Saturday, April 17, 2010

746. she is

She is the air that I breathe
I simply cannot say it more clearly

And when I weep, I have no doubt
my soul is seeking hers


found on a scrap of paper within Trev's journal

4 comments:

Trée said...

I usually don't edit but in this case, less seemed like more. Here is what originally followed but the axe of my red pen:

for I feel it in my chest
rising as flight

and from my eyes
as through the window

I feel the rush
and what remains

of me
I do not know

but labor simply
to breathe

until, as upon the wind
a cool breeze lifting

she comes

Autumn said...

The post, the sentiment of the post, is so achingly beautiful, I know it would bring tears to my eyes even if I read it upon the hour, every hour, for the rest of my life.
To love like this, where it is everything, life itself...it makes me think about why only some of us experience love like this, why only some of us will know what it means to have their heart truly belong to someone else, where life becomes simplified if you will for with is light, without is dark, to refer breathing only when the heart is close and I wonder if it is those only who would open their hearts entirely.. Em and Trev, the love you have given them is exquisite. And I think once more, how blessed I am to be reading this story.

Your original words written here is too lovely in itself not to post at some point.

Trée said...

Thank you my dear Autumn.
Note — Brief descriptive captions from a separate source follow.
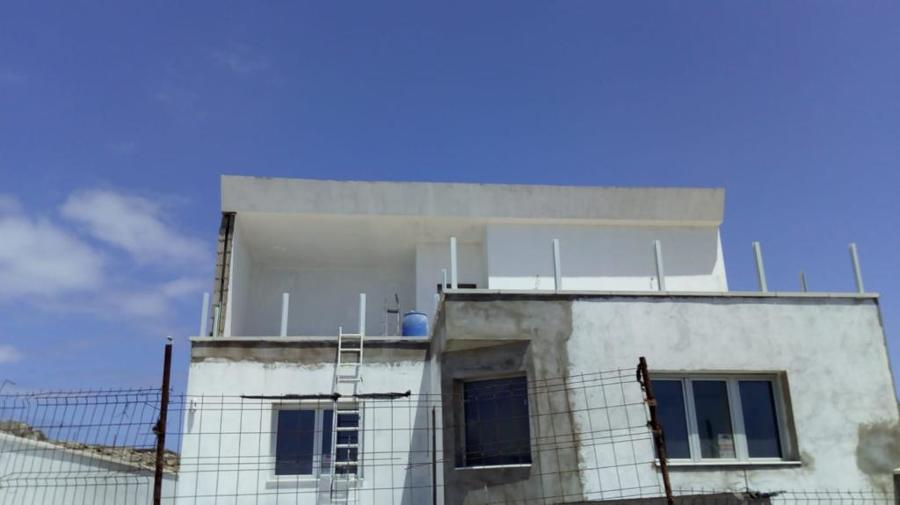 Pintura exterior de fachada preparación de paredes y superficies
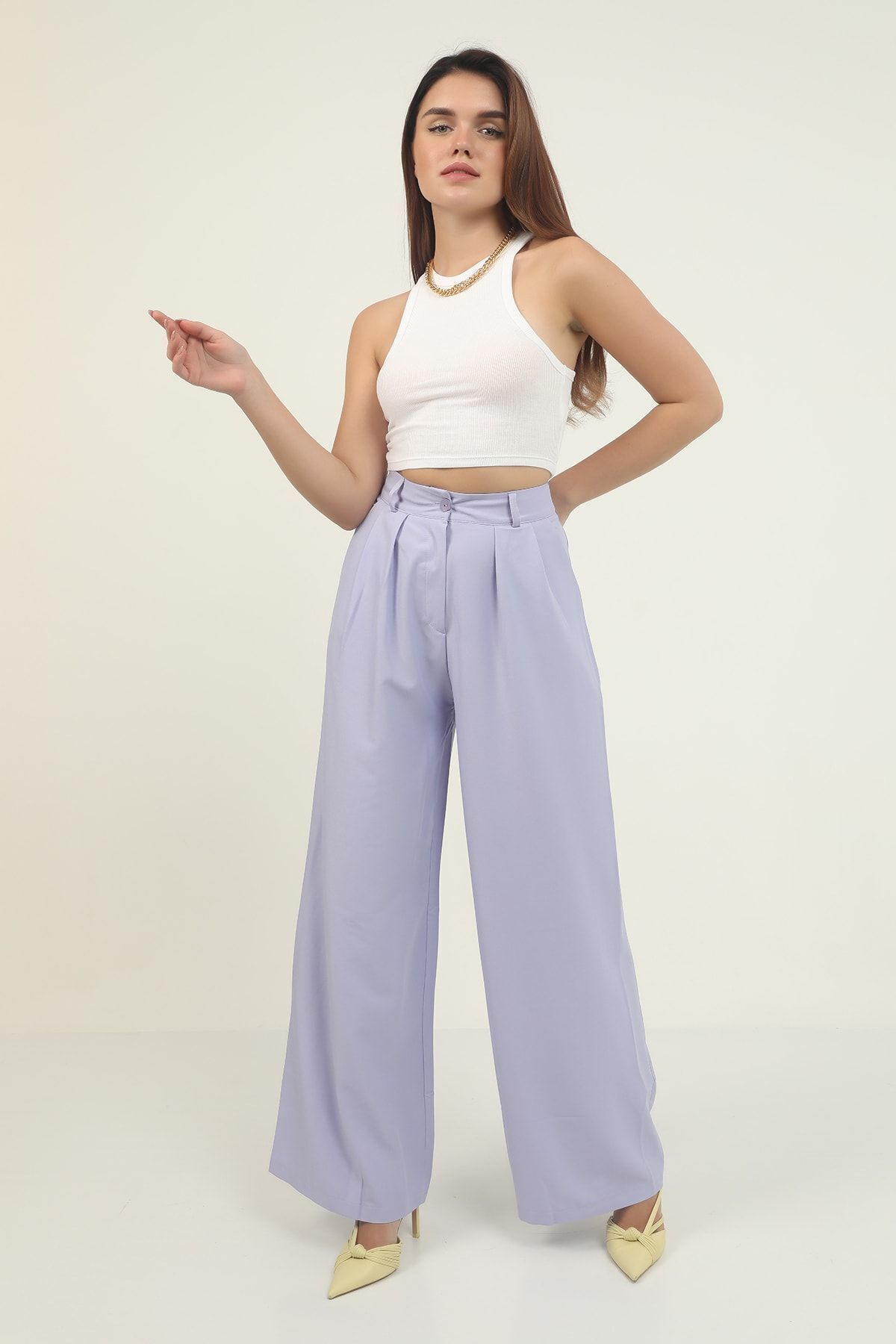 Lila Kadın Pantolon | Mk21W660129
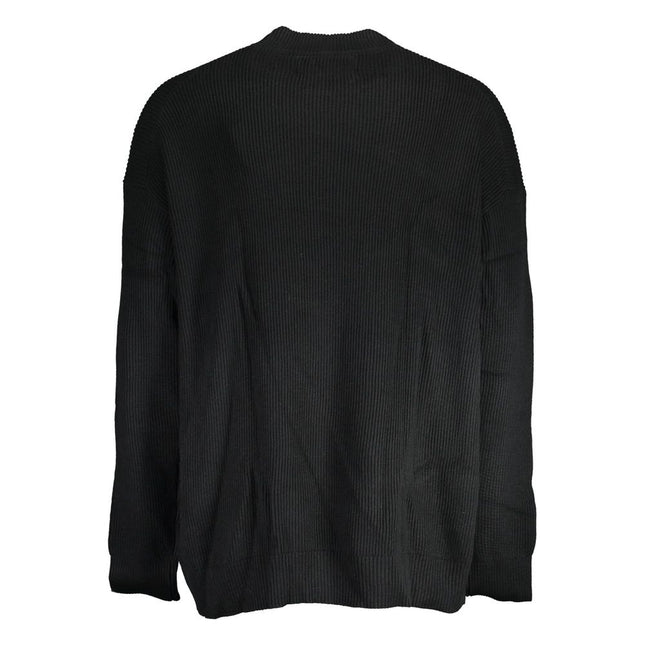 Calvin Klein Black Cotton Sweater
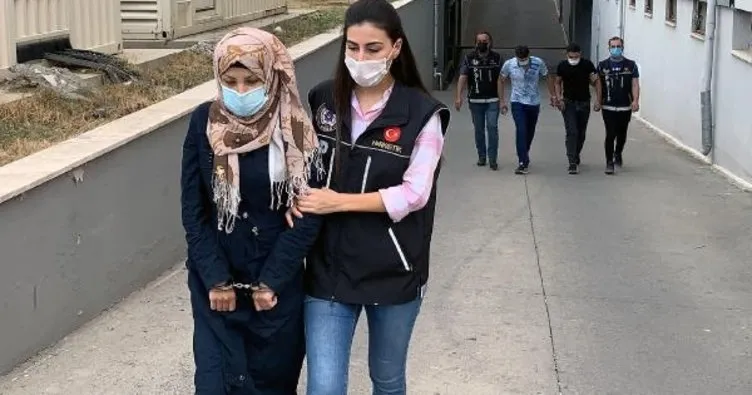 Adana’da zehir operasyonu: Uzi yakaladı!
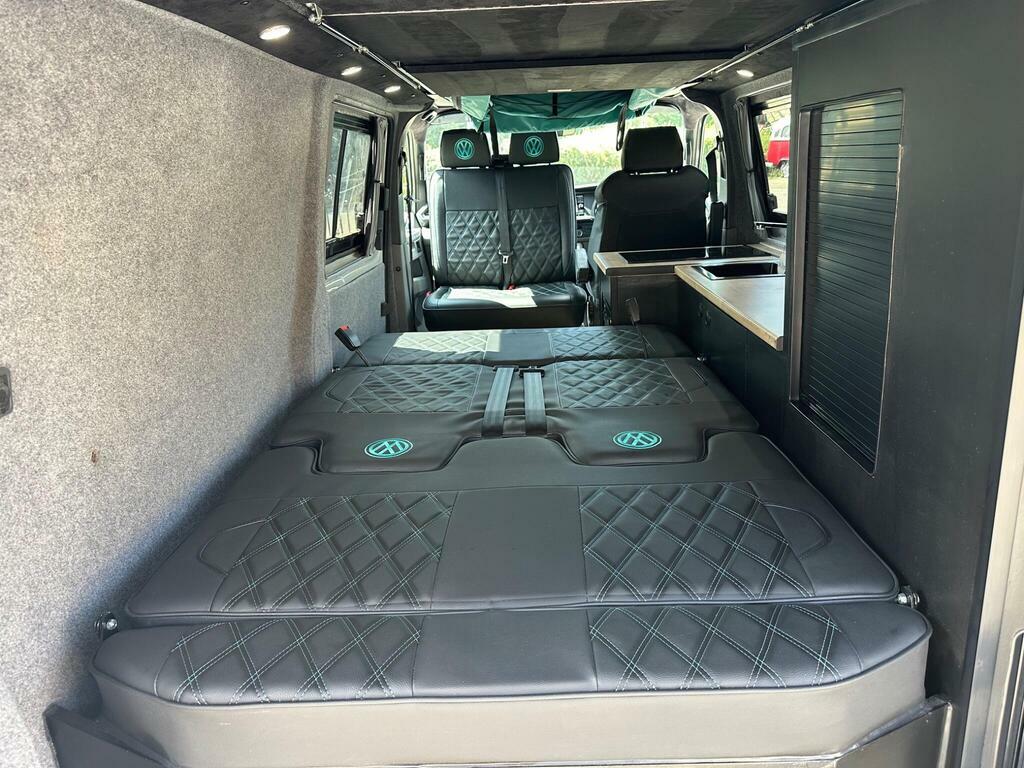 Volkswagen Campervan 2L Highline Grey #20
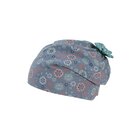 STERNTALER Čepice bavlněná s potiskem UV 15 + light blue holka-51 cm-18-24 m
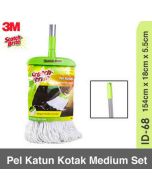Katalog alat-alat kantor 3M Scotch Brite,  3M Scotch Brite Pel Katun Kotak Medium Set harga normal 116500 di Supplier Alat Tulis Bina Mandiri Stationery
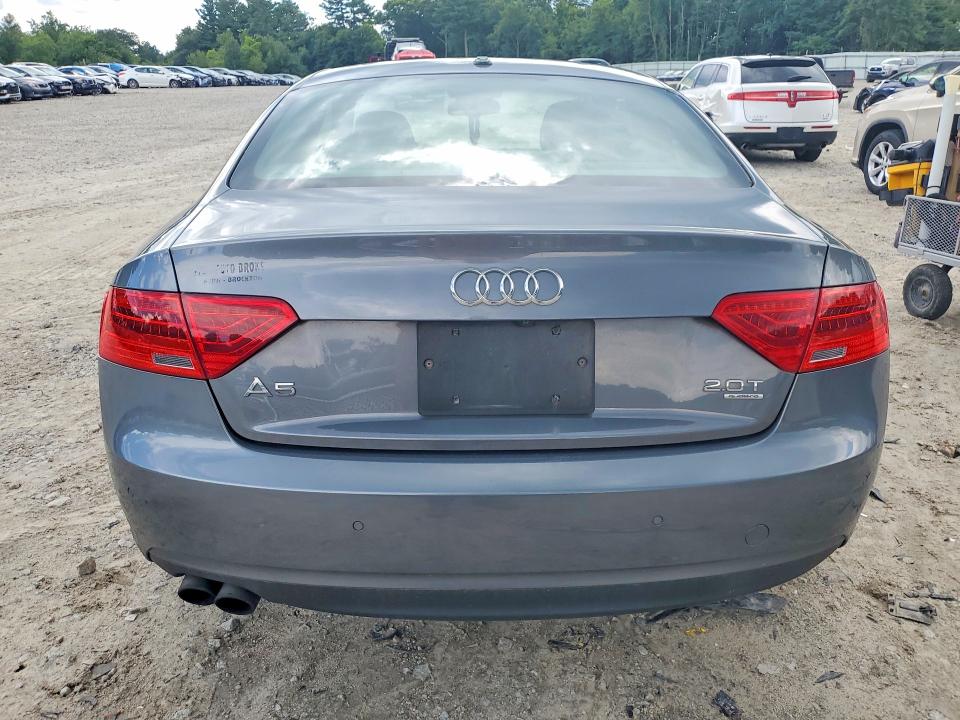 63526166 :رقم المزاد ، WAULFAFR9DA077342 vin ، 2013 Audi A5 مزاد بيع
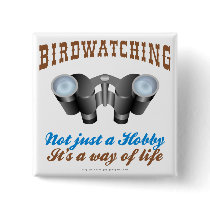 Birdwatching Button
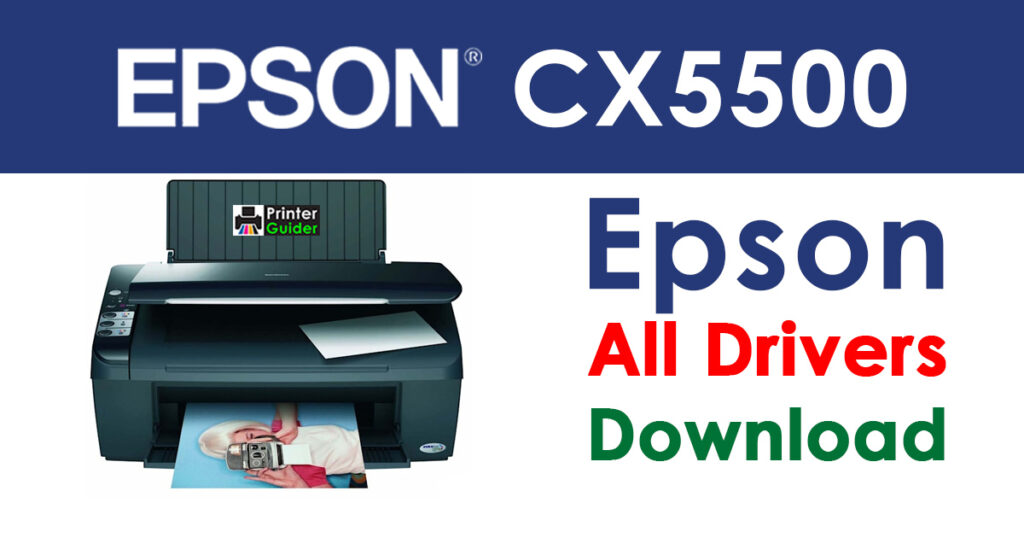 Epson Stylus CX5500 Driver and Software Download
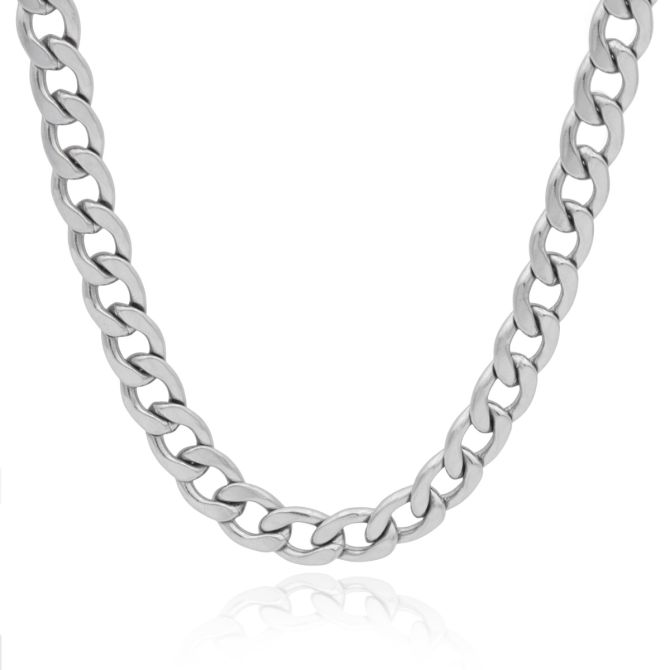 Cuban Link Chain - 8mm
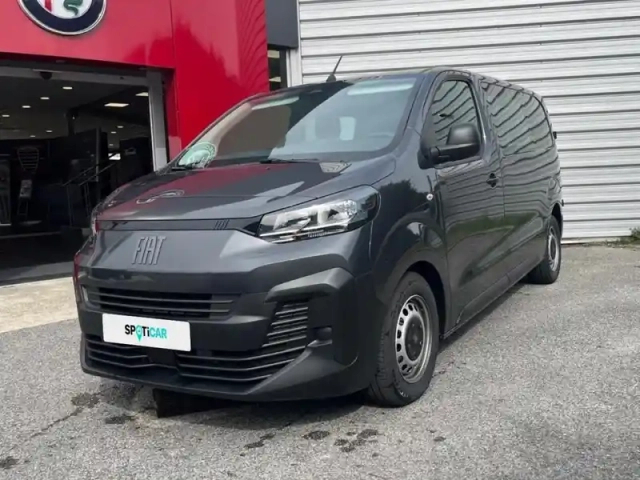Fiat Scudo fg m 2.2 diesel 150ch cabine approfondie repliable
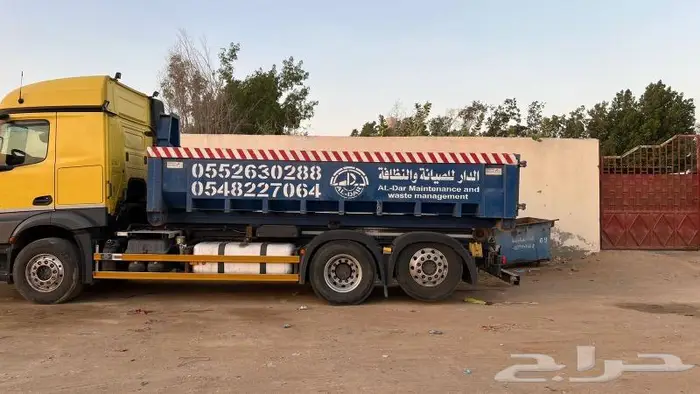 عقود حاويات نظافة وحاويات مخلفات بناء waste managment 0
Since I don't fly on planes anymore, walking has become my creative incubator. The downside is, I don't walk with a notebook in hand and so as the ideas come, I have to memorize them (and I'm talking specific phrasing) or somehow keep the essence alive.

This poem is a poor translation of "the impulse" from a couple days ago. I felt tears coming to my eyes, the emotion so strong and the singular thought occurred that what was happening was neither happiness nor sadness, that it couldn't be labeled in old familiar ways, but rather, and this is where the poem comes in, but rather it was my soul seeking her and when the soul leaves the body, it does so through the eyes and the weeping is only evidence of this act. As for the breathing, the poem says it best--and to be clear, the line is blurred between the metaphorical meaning and the literal. And when you get Bright Star, and you get to the end when Mr Brown delivers the news from Italy that John has passed away, and when you see Fanny get up in tears and run to the hallway, when she falls to her knees and cries out for her mother, that she can't breathe, well, it is like that. And I suppose that is why I can never watch that scene without crying myself, so fully is the identification, that the scene is not an actress playing a part in a movie, but is somehow a direct manifestation of my own internal state. Not sure if any of that made sense, but there it is.

Lady of the Lakes said...

Another post that my only comment is a VERY DEEP SIGH.